– Press release
The Eastern Sierra Tri-County Fairgrounds has received several calls and comments regarding watering practices on the grounds during this time of drought. By way of explanation and in an attempt to clear up any misunderstandings, the Fairgrounds offers this information to the public regarding its watering practices and plans for the upcoming event season.
“First, I would like to say that we are very aware of the need for water conservation, and we are doing our part to conserve during this terrible drought,” commented Fair CEO Sally Symons. There are about 30 acres in the core of the fairgrounds that are under sprinklers for watering needs, none of which is on an automated or timed system. “Under an antiquated manual system such as we have it is nearly impossible to adhere entirely to the 5pm-9am mandate put forth by the City of Bishop. We are doing our best to work towards that, and are making cuts in other areas to help make up for that shortcoming,” continues Symons. “Ideally, an automated, timed system would be great, but that is financially prohibitive and would take more time than we have to address the immediate situation.”
The Fairgrounds has already cut usage by nearly 40%. The front pasture on Sierra Street, that makes up 20% of what would normally get water is not getting watered at all, and will only be hit with a water truck briefly prior to events for dust control. “We have cut our watering hours and times drastically already, and will continue to do so as the event season progresses. It is a fine line between keeping the Fairgrounds viable and meeting the necessary water cuts,” Symons states. “In addition to letting the Sierra Street pasture die, we have cut watering times in the fairgrounds core by 30-40% in some areas already.”
To keep the fairgrounds viable through the upcoming event season, the plan is to water minimally in between events so that landscaping does not die off completely, then water a little more just prior to events for dust control and to keep the grounds a little green.
“It should be noted that we are following all of the water mandates set forth by the City of Bishop and the State of California to the best of our resources and abilities.
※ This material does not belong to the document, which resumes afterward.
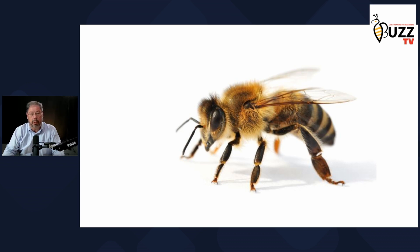The worker bee has anywhere from four to five stripes and typically those are black and the rest is a golden brown.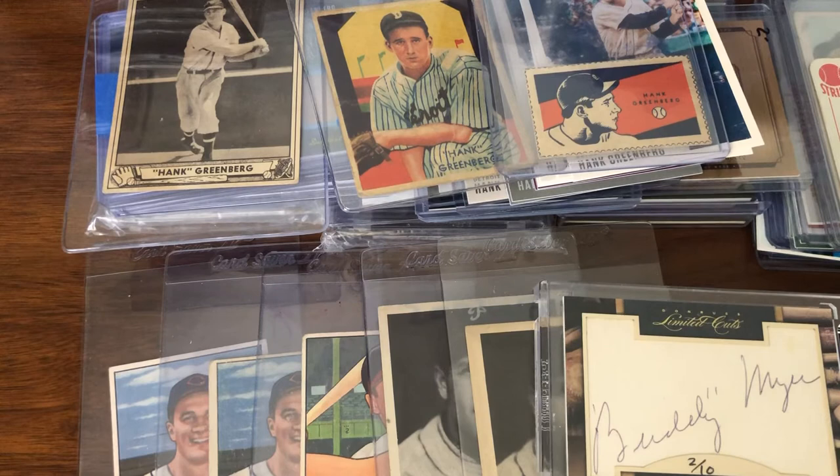That's the raw mail day I got for you — pretty much dominated by Hank, but that's PC. Sometimes one player will dominate more than others. So that's what I got for you this time around. I hope you enjoyed the little bit of mix of modern and vintage, even though it's all old-time players. Thank you very much for joining me. And please remember to collect what you enjoy, enjoy what you collect, and don't let anybody — especially the market or a YouTuber — dictate that to you.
Based on State of California mandates, we are technically classified as agriculture and are exempt, but to make that call and ignore said mandates would be irresponsible and arrogant under our community’s current circumstances,” explains Symons. “I want the community to know that we are conserving, we do care deeply about the drought and all of its implications, and at the same time we are doing our best to keep the important resource of the Fairgrounds a viable part of the community.”